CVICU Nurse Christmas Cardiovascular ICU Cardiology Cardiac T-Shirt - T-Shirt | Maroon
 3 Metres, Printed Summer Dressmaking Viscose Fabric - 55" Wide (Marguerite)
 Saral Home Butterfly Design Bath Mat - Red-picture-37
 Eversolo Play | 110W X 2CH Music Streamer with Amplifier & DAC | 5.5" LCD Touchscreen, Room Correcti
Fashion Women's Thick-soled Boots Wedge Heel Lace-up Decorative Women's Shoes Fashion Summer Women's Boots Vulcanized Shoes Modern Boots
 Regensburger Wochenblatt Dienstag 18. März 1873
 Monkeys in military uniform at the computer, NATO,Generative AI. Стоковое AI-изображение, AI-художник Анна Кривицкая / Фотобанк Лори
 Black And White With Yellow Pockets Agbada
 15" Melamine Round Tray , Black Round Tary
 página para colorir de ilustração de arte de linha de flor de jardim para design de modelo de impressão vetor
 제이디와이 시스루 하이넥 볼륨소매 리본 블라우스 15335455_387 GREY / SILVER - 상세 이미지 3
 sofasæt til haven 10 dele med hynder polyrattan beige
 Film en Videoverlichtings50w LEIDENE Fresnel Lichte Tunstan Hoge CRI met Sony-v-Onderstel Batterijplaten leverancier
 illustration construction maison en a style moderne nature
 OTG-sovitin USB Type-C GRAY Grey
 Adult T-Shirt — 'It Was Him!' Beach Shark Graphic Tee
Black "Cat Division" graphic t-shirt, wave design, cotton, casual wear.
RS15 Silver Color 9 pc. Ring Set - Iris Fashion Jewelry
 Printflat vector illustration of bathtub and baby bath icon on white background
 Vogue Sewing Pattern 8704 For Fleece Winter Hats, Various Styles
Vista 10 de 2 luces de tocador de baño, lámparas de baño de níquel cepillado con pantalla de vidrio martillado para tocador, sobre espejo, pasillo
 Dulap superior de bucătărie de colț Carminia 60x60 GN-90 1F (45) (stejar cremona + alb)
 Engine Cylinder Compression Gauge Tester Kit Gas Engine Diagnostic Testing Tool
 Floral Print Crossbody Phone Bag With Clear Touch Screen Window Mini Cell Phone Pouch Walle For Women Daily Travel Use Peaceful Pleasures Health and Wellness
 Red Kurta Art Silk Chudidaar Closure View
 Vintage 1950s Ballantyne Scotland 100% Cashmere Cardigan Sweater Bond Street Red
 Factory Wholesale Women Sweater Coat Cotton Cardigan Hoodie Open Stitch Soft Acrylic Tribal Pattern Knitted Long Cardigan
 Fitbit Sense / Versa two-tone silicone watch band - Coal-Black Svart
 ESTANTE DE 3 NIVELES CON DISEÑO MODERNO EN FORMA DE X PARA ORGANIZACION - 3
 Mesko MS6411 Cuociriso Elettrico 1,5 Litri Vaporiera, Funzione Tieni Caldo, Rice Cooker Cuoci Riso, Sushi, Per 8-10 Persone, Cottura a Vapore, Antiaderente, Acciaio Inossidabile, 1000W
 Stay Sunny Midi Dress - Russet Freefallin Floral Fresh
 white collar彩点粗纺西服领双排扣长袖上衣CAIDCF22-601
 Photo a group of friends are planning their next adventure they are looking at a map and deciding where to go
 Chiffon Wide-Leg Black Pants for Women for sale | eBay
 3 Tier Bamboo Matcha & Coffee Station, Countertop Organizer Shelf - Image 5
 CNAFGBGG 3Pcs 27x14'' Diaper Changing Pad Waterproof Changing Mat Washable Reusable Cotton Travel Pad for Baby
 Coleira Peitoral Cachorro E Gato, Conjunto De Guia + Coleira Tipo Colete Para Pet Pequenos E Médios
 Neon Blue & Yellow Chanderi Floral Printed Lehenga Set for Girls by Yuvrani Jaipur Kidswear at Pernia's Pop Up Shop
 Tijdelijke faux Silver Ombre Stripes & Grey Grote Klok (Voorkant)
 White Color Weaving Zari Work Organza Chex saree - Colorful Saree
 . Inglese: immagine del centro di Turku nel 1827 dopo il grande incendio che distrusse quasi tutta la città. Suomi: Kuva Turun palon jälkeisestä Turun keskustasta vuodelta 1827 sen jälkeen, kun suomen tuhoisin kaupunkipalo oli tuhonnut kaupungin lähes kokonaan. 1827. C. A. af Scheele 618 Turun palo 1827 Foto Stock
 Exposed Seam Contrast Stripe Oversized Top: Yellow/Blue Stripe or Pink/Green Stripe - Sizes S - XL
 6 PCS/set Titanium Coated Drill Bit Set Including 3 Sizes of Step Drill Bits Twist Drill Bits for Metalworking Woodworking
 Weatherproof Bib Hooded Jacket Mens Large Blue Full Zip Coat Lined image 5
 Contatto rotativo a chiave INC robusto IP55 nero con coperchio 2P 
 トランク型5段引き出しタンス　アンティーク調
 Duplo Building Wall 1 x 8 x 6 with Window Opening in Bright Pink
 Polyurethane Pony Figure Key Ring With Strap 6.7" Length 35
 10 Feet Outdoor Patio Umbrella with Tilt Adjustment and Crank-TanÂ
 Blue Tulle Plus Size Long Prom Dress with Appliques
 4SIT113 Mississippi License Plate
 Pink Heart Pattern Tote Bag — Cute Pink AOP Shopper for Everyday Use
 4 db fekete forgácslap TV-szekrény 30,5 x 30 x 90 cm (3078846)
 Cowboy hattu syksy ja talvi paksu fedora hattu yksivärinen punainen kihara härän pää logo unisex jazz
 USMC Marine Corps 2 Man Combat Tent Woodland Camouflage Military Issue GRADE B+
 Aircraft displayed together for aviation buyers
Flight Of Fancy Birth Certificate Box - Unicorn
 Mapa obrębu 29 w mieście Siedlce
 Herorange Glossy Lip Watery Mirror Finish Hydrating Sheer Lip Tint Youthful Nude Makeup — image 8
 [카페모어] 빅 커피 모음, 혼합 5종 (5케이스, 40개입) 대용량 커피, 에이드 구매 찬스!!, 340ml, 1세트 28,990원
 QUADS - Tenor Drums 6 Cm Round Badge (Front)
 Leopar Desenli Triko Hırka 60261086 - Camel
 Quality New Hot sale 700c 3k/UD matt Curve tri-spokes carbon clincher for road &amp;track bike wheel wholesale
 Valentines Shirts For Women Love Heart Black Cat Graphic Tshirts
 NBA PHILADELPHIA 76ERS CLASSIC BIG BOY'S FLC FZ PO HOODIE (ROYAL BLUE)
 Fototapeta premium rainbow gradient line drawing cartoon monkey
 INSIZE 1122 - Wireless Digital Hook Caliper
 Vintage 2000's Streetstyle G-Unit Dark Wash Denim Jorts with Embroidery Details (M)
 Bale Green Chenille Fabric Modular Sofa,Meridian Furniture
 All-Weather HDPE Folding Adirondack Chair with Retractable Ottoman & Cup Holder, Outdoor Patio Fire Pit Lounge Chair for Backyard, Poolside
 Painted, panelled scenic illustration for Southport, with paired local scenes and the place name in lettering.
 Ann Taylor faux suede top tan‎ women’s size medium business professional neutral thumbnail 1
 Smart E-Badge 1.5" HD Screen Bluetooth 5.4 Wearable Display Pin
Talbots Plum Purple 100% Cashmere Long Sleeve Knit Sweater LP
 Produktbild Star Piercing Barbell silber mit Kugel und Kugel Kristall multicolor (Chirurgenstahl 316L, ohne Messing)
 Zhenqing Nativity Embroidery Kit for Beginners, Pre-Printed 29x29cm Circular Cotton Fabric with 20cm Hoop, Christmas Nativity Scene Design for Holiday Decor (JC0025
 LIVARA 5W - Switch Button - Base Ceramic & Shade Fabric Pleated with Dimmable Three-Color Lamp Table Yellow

=====

▶ [Activity]: Print the line with "Wearable Display Pin" and every line after it in the entries above, exactly as written. Leave out all other lines.

▶ [Written response]:
 Smart E-Badge 1.5" HD Screen Bluetooth 5.4 Wearable Display Pin
Talbots Plum Purple 100% Cashmere Long Sleeve Knit Sweater LP
 Produktbild Star Piercing Barbell silber mit Kugel und Kugel Kristall multicolor (Chirurgenstahl 316L, ohne Messing)
 Zhenqing Nativity Embroidery Kit for Beginners, Pre-Printed 29x29cm Circular Cotton Fabric with 20cm Hoop, Christmas Nativity Scene Design for Holiday Decor (JC0025
 LIVARA 5W - Switch Button - Base Ceramic & Shade Fabric Pleated with Dimmable Three-Color Lamp Table Yellow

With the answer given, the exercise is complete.